Peringatan Dies Natalis UPI ke-60 Meriah

DSC_0270

Bandung, UPI

Sempat bernama Institut Keguruan dan Ilmu Pendidikan (IKIP) Bandung selama 36 tahun, tepatnya dari tahun 1964 hingga 1999. Itulah sebabnya, masyarakat tak mudah melupakan nama IKIP Bandung dan menggantinya dengan Universitas Pendidikan Indonesia (UPI). Bahkan secara berkelakar, masyarakat memanjangkan kata UPI dengan sebutan “Universitas Padahal IKIP”.

Nama UPI merupakan reinkarnasi dari sejumlah nama, dari Perguruan Tinggi Pendidikan Guru (PTPG), Fakultas Keguruan dan Ilmu Pendidikan (FKIP) Universitas Padjadjaran, IKIP Bandung, dan terakhir menjadi UPI. Namun, nama IKIP Bandung merupakan paling lama menempel pada lembaga pendidikan tinggi kependidikan (LPTK) ini, sehingga nama IKIP selalu menempel pada UPI.DSC_0356

Sejak UPI berkembang dari PTPG yang didirikan Pemerintah tahun 1954, kini UPI sudah berusia 60 tahun. Berkaitan dengan hari lahir UPI tersebut, Universitas Pendidikan Indonesia melakukan serangkaian kegiatan.  Perayaan diawali dari Parade Budaya yang dilaksanakan seluruh Civitas Akademika dan warga UPI, Jumat (17 Oktober 2014). Para peserta mengenakan berbagai pakaian yang menandakan kecintaan mereka terhadap seni dan budaya Nusantara berjalan kaki dari Gedung Gymnasium menelusuri Jln. Cilimus, Jln. Sersan Bajuri, Komplek Pondok Hijau, Jln. Gegerkalong Girang, SDN Isola, dan kemudian berakhir di Gedung Achmad Sanusi.
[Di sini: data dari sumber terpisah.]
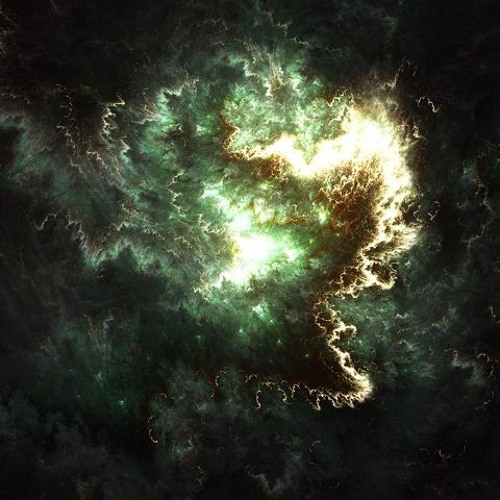 Exceptional Beats 26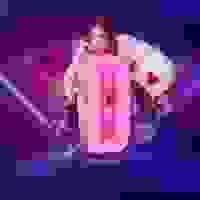broken image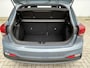 Hyundai i20 1.0 T-GDI Comfort l Styling-pakket l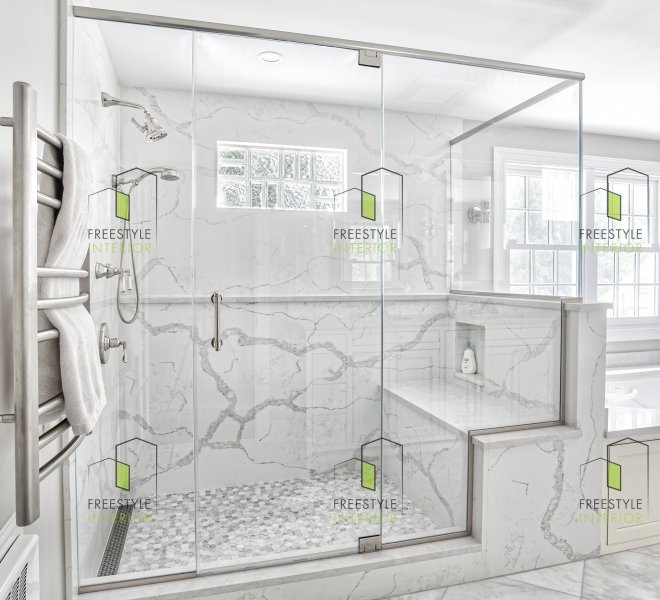 stone-slab-shower-walls-with-glass-enclosure-kraftmaster-renovations-img~7df1ddd70d2cbfb0_14-3751-1-b641a8d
Upacara peringatan Dies Natalis dan Lustrum UPI dilaksanakan Senin (20 Oktober 2014) di Gedung Achmad Sanusi. Senin malam, UPI juga menggelar acara resepsi bagi segenap warga UPI di Gedung Achmad Sanusi.  Selain ditandai dengan memotong kue ulang tahun, Rektor UPI juga memberikan penghargaan kepada setiap lembaga yang mengikuti kegiatan dies natalis. Dalam kesempatan ini, juga diluncurkan dua buah buku berkaitan dengan Rektor UPI Prof. Dr. Sunaryo Kartadinata, M.Pd. Buku pertama berjudul, “Menangkis Badai Krisis” karya Dr. Wakhudin dan “Mata Air Kedamaian” sebagai kumpulan tulisan para kolega Prof. Sunaryo.DSC_0428

Perayaan Dies Natalis ke–60 dan Lustrum UPI ke–12 UPI dilanjutkan dengan Festival Seni Rakyat dan Pagelaran Wayang Golek, Selasa, 21 Oktober 2014 yang dimulai pukul 08.00 di Lapangan Parkir Utama UPI, Jln. Dr. Setiabudhi No. 229 Bandung. Festival Seni Rakyat ini menampilkan berbagai kesenian dari berbagai daerah di Jawa Barat seperti kesenian Tanjil dari Sumedang; Sintren dari Indramayu; Badud dari Pangandaran;  Sisingaan dari Subang;  Debus dari Pandeglang;  Terebang dari Bandung; Buta Doar dari Ciamis; Calung Renteng dari Tasikmalaya; Angklung Badeng dari Garut; dan Reog dari Banjar.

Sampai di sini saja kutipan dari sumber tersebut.